Check every line of the entries below for the word "light", then give only the number of lines that have it.

_Extracted information:_
================
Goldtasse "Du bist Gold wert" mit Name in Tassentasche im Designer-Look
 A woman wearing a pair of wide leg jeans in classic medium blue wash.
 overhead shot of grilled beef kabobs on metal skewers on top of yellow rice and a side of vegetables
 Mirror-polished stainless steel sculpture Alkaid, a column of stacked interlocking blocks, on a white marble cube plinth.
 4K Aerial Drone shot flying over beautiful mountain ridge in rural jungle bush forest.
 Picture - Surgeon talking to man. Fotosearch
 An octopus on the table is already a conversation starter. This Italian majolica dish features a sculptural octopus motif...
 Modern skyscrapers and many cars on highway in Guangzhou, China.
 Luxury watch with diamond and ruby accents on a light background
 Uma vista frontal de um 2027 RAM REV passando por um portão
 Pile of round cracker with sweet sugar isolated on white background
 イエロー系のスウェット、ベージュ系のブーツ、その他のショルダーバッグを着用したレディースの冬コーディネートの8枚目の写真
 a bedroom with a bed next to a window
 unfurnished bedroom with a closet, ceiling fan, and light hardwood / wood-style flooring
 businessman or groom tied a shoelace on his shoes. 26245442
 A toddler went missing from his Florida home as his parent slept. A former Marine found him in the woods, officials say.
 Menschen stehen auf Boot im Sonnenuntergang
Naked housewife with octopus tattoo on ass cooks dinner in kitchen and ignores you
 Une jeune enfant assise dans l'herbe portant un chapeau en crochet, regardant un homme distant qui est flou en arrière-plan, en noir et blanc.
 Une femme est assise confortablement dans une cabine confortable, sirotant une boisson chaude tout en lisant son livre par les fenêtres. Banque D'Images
================
_Response for this exercise:_ 2